Cluster currently generates revenue by selling photo books — it does not sell advertisements or customer data — and it will soon expand to offer more personalized products, including mugs, shirts, pillowcases, and canvas prints.
Frank told us the fact that he has been able to fund the startup independently is important because that has given the leadership team control over the direction of the company and its values.
“We’ve stuck to our mission of providing a private place where users can share and view photos for free,” Frank said. “Our thesis is that people don’t want their data tracked, they don’t want ads on their stream — they want a fun, easy service to share treasured memories.”
At the end of the day, Cluster is all about turning an unwieldy photo album into something more manageable and shareable. It’s about sending photos and notes to close friends and family members. It’s about claiming a private corner to appreciate the special moments in life.

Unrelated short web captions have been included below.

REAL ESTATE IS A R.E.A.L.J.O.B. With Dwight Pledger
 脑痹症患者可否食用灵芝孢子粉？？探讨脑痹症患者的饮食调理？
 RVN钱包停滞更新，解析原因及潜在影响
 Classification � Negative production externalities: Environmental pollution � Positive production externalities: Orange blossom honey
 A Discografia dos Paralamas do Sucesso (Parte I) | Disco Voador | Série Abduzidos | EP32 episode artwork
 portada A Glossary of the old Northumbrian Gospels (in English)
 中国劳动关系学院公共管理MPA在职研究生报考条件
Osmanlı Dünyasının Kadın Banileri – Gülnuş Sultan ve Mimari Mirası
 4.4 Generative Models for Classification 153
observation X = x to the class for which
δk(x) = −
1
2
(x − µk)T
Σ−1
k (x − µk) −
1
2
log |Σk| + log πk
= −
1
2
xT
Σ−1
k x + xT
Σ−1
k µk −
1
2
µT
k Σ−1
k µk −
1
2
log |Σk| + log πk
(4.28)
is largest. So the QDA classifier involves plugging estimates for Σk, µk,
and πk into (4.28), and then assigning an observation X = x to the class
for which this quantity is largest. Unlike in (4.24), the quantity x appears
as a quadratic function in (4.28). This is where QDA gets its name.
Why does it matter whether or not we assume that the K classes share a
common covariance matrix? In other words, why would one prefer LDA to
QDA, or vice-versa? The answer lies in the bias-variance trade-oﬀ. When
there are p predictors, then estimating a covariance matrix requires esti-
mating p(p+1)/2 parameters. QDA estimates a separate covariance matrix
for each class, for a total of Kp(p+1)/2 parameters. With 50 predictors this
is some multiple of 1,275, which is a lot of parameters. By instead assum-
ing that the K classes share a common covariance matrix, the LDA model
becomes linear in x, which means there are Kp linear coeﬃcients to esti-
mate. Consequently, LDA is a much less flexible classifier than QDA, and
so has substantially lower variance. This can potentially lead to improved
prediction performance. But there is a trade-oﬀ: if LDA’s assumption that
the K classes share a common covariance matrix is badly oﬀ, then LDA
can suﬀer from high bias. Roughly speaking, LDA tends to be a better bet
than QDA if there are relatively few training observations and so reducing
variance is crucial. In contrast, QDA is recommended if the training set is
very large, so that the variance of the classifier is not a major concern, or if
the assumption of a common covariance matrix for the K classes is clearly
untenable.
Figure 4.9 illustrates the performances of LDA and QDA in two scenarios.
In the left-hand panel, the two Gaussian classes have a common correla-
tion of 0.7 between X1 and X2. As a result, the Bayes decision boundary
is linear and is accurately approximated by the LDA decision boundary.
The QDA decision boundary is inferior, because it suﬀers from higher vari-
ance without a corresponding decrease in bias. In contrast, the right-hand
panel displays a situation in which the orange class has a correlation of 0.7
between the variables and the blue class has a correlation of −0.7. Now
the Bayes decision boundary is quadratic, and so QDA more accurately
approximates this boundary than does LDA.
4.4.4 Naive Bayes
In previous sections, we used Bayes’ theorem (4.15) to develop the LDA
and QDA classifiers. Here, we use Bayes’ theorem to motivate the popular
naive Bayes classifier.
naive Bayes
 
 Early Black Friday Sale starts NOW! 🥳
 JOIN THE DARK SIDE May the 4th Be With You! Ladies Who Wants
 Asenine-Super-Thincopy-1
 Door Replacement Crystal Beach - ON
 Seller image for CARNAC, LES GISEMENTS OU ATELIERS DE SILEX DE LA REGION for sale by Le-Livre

“We’re making people smile,” Frank said. “No one ever got upset opening Cluster. You open it and see dance classes and family holidays, and it just spreads joy across all our users.”
Cluster is Building Trust With Users One Post at a Time
My friend and her husband had to think creatively to gain control over who can see their photos on social media, and I’m sure their son will thank them later when he finds out the lengths his parents went to to make sure his carrot-smeared face didn’t become public fodder.
However, couples don’t have to create alternate social media accounts to keep their photos and videos under wraps. Cluster has made it much easier to maintain private albums for friends and family. The app empowers couples to share their lives with the people who matter most to them — without being at the mercy of a public forum.
Thanks to Cluster, couples can view and comment on photos in total privacy. They can make albums centered around those special moments at home or on vacation, and they can feel secure that those precious memories won’t be visible to strangers online.
“This is our life’s work,” Frank told us. “Nothing makes us happier than knowing our families and friends have a private place where they can share what’s happening in their lives.”